I always shied away from defraging ssd I always thought it was bad for them.

Well, yes, just as bad as it is for HDDs. It impacts on the total write ops the drive can reasonably be expected to sustain. As you'd expect really. OTOH, not defragging results in terribly fragmented files very quickly with (relatively) old-fashioned file systems like NTFS (the slightly later journaling type FSs are far less prone to it), which not only can slow down read and write speeds tremendously but also presents an increasing risk of damage to the file.

So, damned if you do, damned if you don't. ;) Of course, when you take into account the much reduced number of writes an SSD supports (over an HDD), that skews the equation a little bit... All the same, I defrag automatically once a week, more if the need arises. That's why the current Diskeeper seems so attractive in preventing fragmention in the first place - and it's specially written for SSDs apparently. Getting my license at the end of the week.

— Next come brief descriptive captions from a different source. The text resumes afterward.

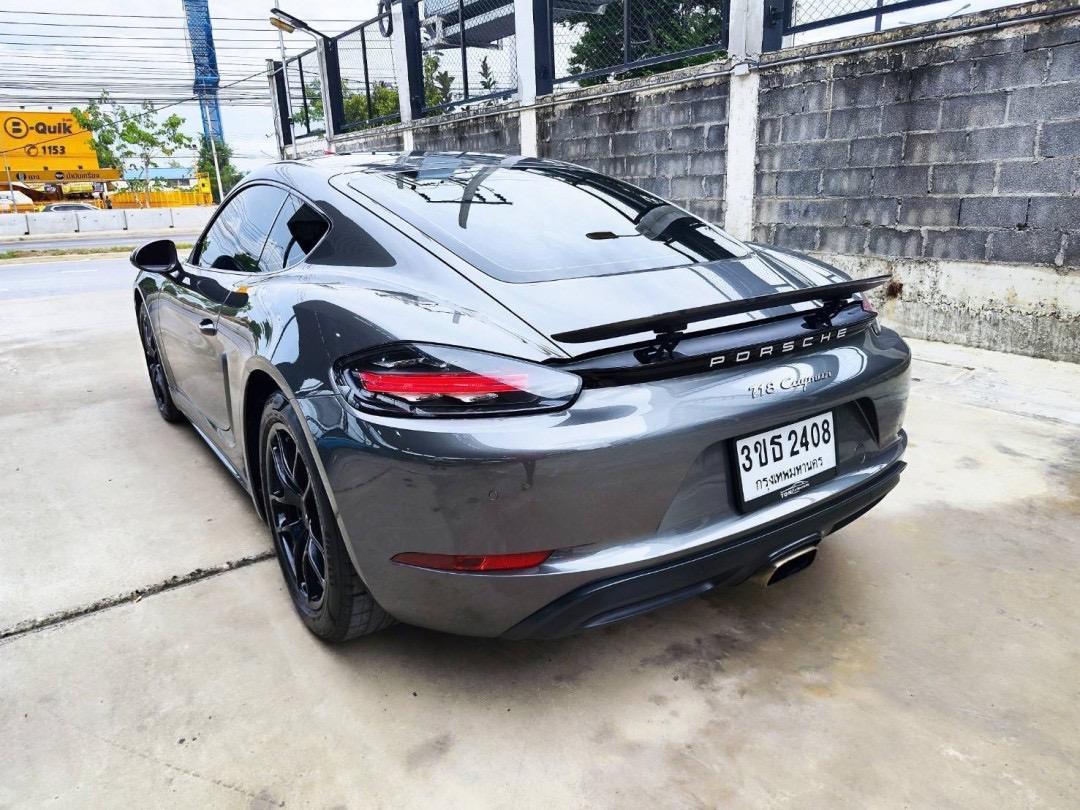 2018 Porsche 718 CAYMAN 2.0 Turbo PDK สีเทา (รูปที่ 12)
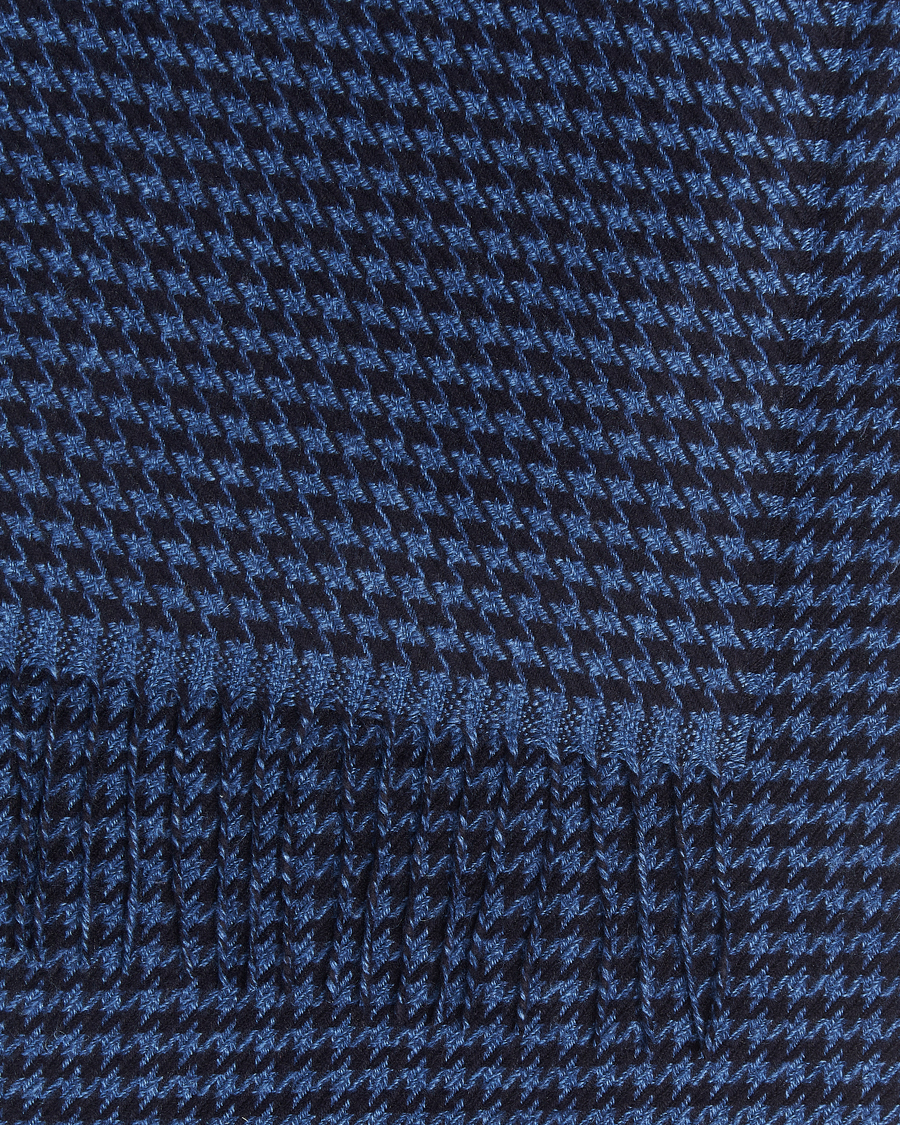 Herren | Piacenza Cashmere Cashmere/Silk Houndstooth Scarf Dark Blue | Piacenza Cashmere | Cashmere/Silk Houndstooth Scarf Dark Blue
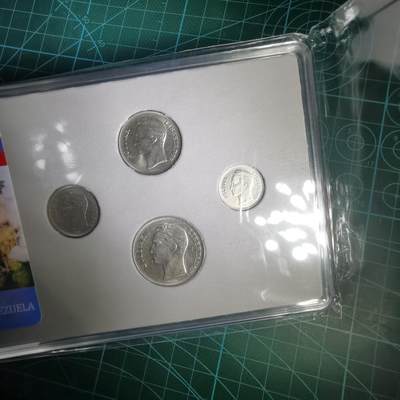 沼泽如烟--第1060场 委瑞瑞拉四枚套币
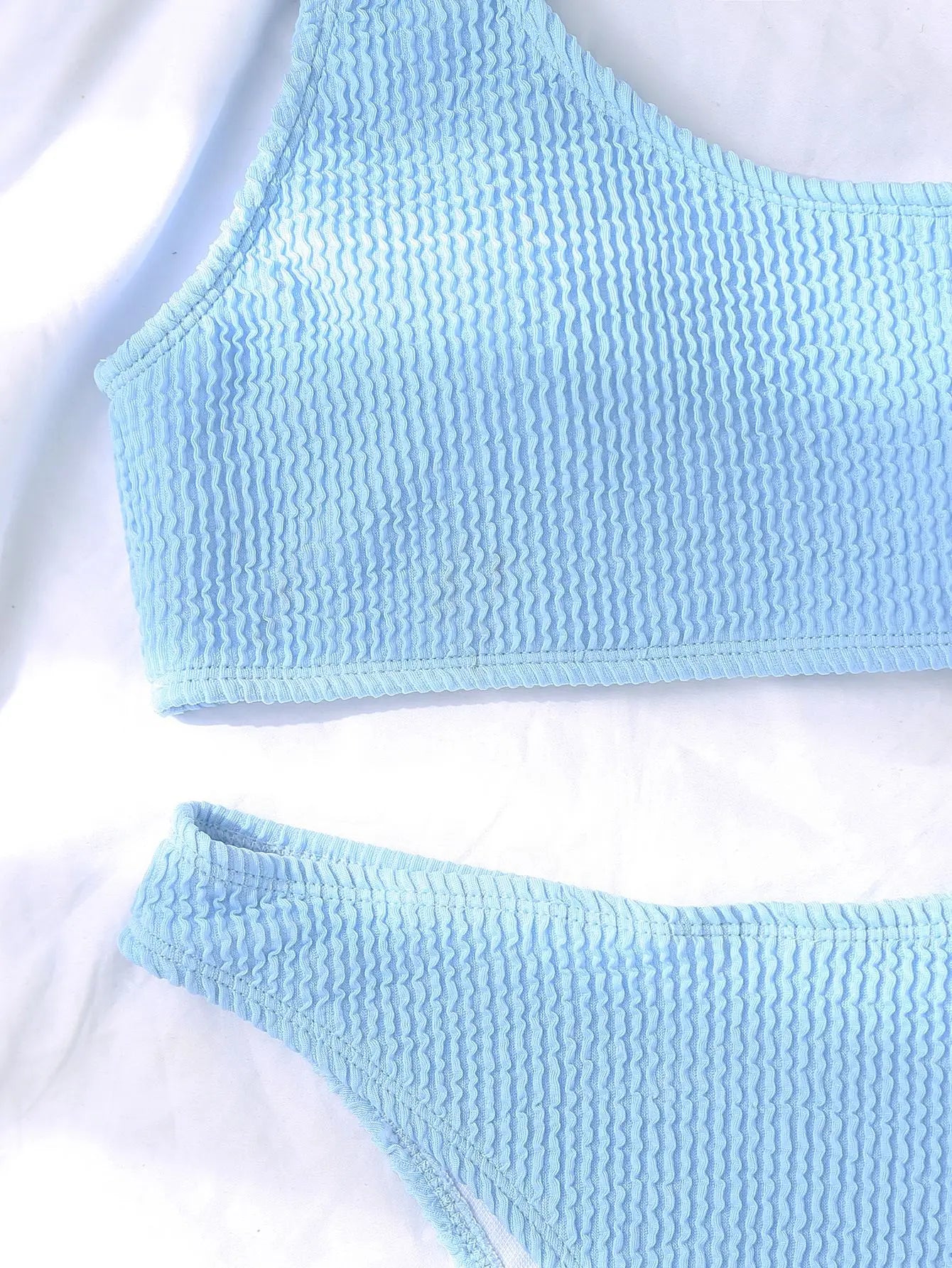 Une épaule Bikini texturé maillots de bain coupe haute maillot de bain solide maillot de bain femmes brésilien 2025 mode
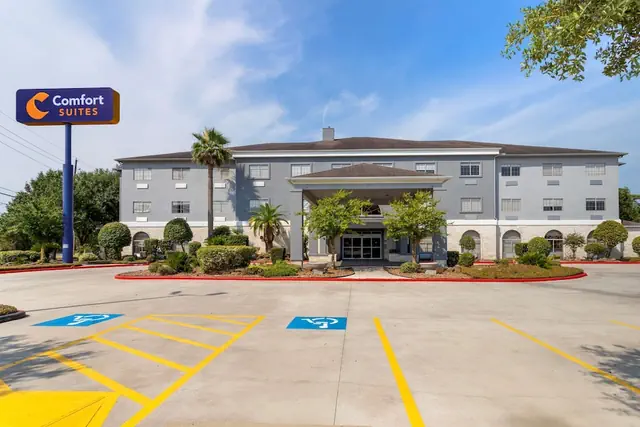 Photo 1 - Comfort Suites Kingwood Houston North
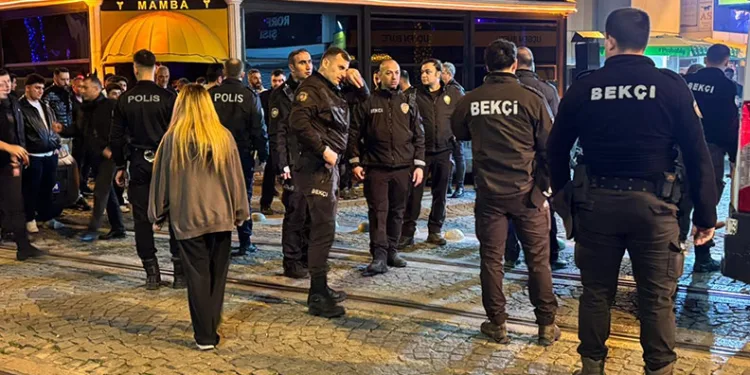 Eğlence mekanındaki kavga kanlı bitti: 2 yaralı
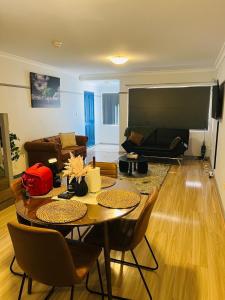 2BR Northmead Free Parking Near Hospital & M2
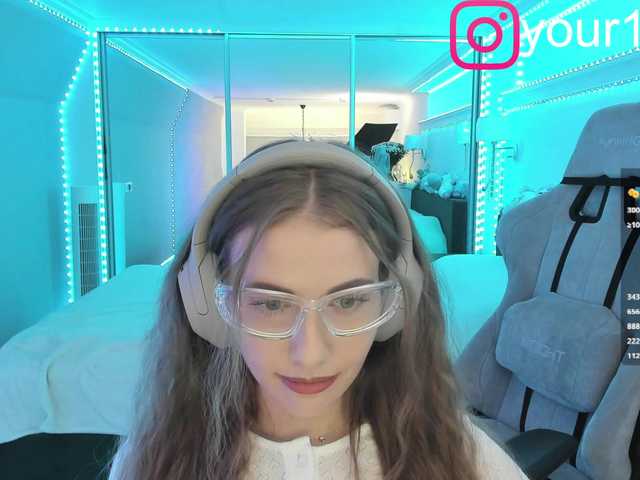 Sex chat gratuit in direct cu -VikkiL0vesCheese- pe BongaCams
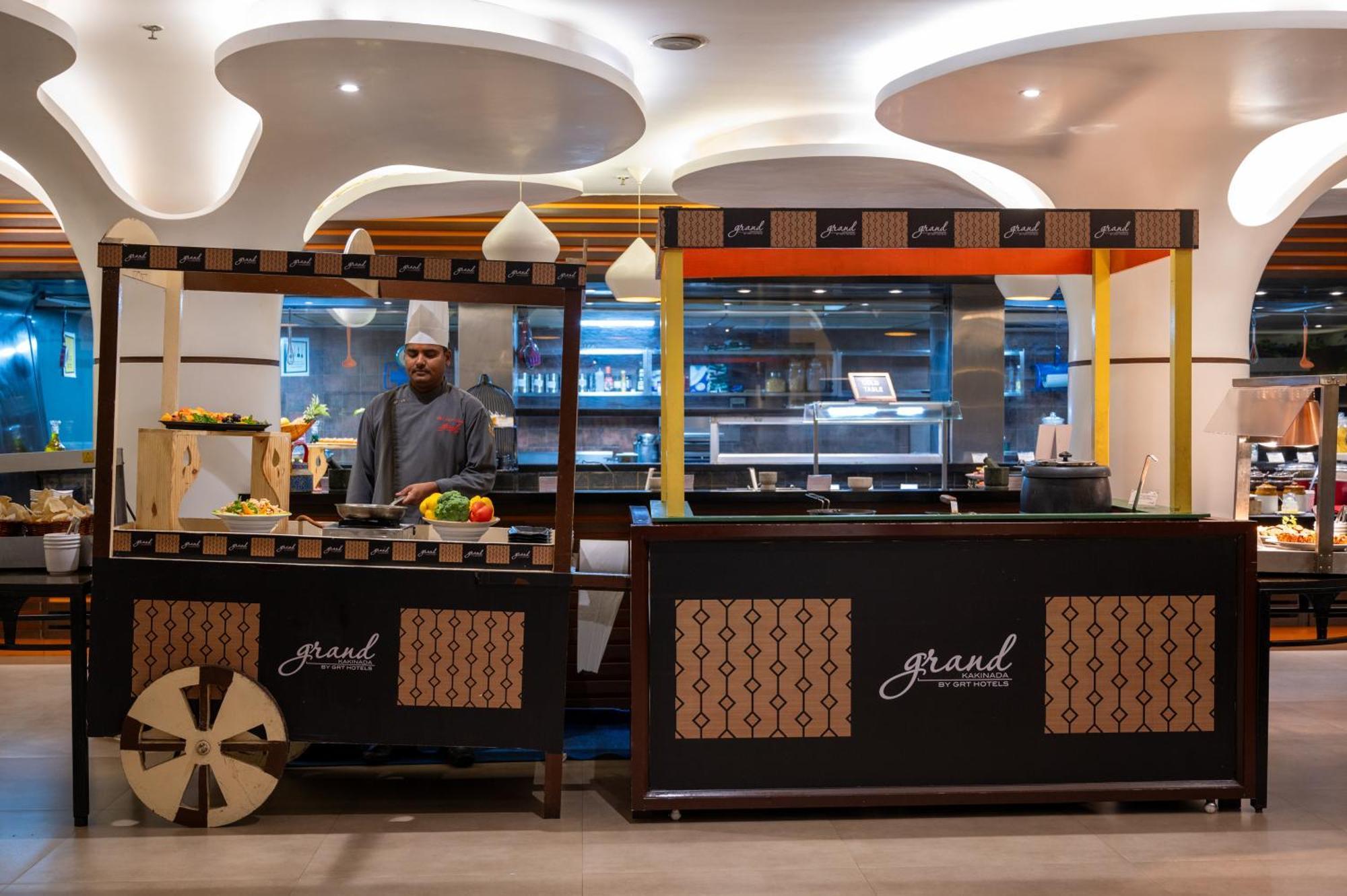 Grand Kakinada By Grt Hotels Екстер'єр фото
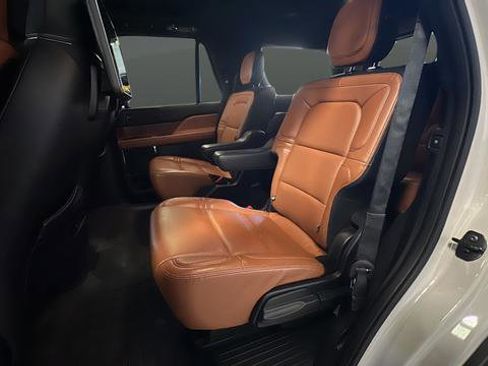 Used 2020 Lincoln Navigator Reserve w/ Equipment Group 208A Reserve image 30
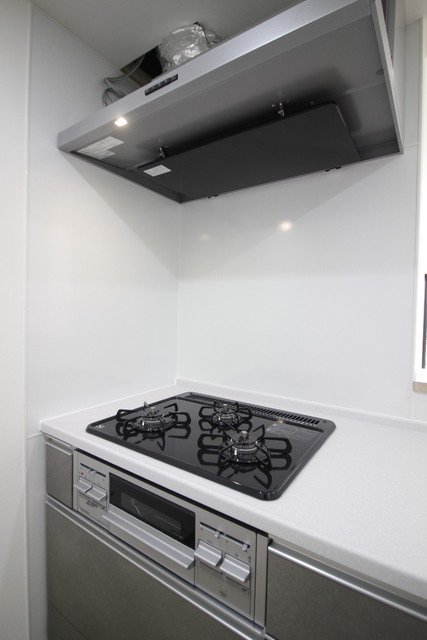 キッチン　★キッチン裏のスペースも広々しております★Ｂ号室別階も同種同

At the same time am tempted to get rid of the (500Gig) SSD in the laptop anyway and swapping for a 1 or 2TB HDD - I need more space as have too many virtual hard disks for VMs which I have to keep swapping to/from a USB drive, and also dual-booting a Linux system; plus, I can get a WD disk dirt cheap in a couple of months' time.

Anybody have any particular prefs for WD Blue or Black? Black seem much more hard-wearing, looking at the specs.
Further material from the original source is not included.